Sarkozy, même s’il s’en défend, donne dans le manichéisme le plus élémentaire. Après les incidents de gare du Nord, l’ex ministre de l’intérieur avait accusé ses adversaires d’être du côté des voleurs et des fraudeurs, quand lui se donne pour mission de rassembler les « honnêtes gens ». Depuis des mois, il martèle qu’il est le candidat des « Français qui se lèvent tôt », sous entendant que la gauche soutenait les assistés qui font la grasse matinée. Bosseurs contre fainéants, casseurs contre bons citoyens, autorité contre anarchie : le monde selon Sarko est simple et binaire.

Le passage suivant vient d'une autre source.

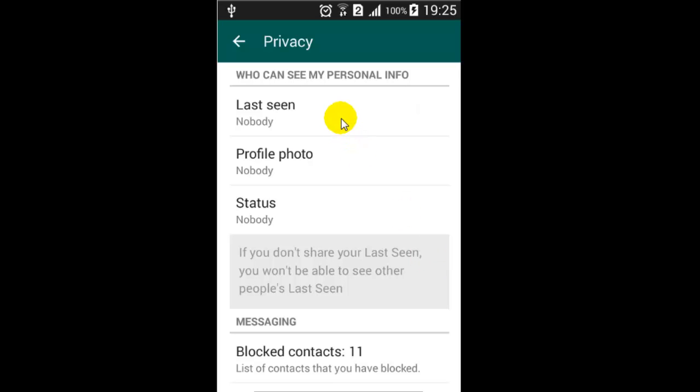So when you do that, nobody will see where you were last seen. This is how you can hide last seen in WhatsApp. Thank you, thanks for watching.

Depuis quelques jours, le candidat de l’UMP semble avoir découvert la vraie cause de l’existence du Mal. Une sorte de révélation idéologique. Quel est donc cet hydre aux mille tentacules, ce monstre malfaisant responsable du déclin ? C’est mai 68 ! Mais 68, c’est « le poumon » dans la célèbre tirade du malade imaginaire. La crise de l’école : mai 68 ! Le culte de l’argent roi ? Mais 68 ! La perte des repères? Mais 68 vous dis-je !
Et voilà comment un événement somme toute modeste, comparé aux grandes fractures du XXème siècle, se retrouve propulsé « cause de toutes les causes » ! Il y a quelque chose de grotesque dans cette réécriture de l’histoire nationale. Mais surtout, la nouvelle croisade de Sarkozy en dit long sur ses objectifs politiques.
Car mai 68, c’est avant tout la réaction désordonnée des forces vives du pays contre un système à bout de souffle : une classe politique complètement déphasée, des medias à la botte du pouvoir, un ordre moral étouffant, une société cadenassée, une jeunesse désemparée. Pendants moins de deux mois, une partie des Français, écrasés sous la chape de plomb du gaullisme croupissant, a revendiqué plus de liberté et d’égalité.
Cela n’enlève rien à la pertinence du débat intellectuel sur l’héritage controversé de « la pensée 68 », ou de la critique de l’itinéraire peu glorieux des soixante-huitards en vue (ah, ces maoïstes devenus publicitaires, journalistes zélateurs du libéralisme ou eurodéputés centristes). Reste l’essentiel : 68, c’est avant tout les conquêtes sociales (accords de Grenelle), la démocratisation de l’enseignement supérieur, la libération sexuelle, etc… Vouloir « liquider » 68, c’est, au sens propre, revenir en arrière.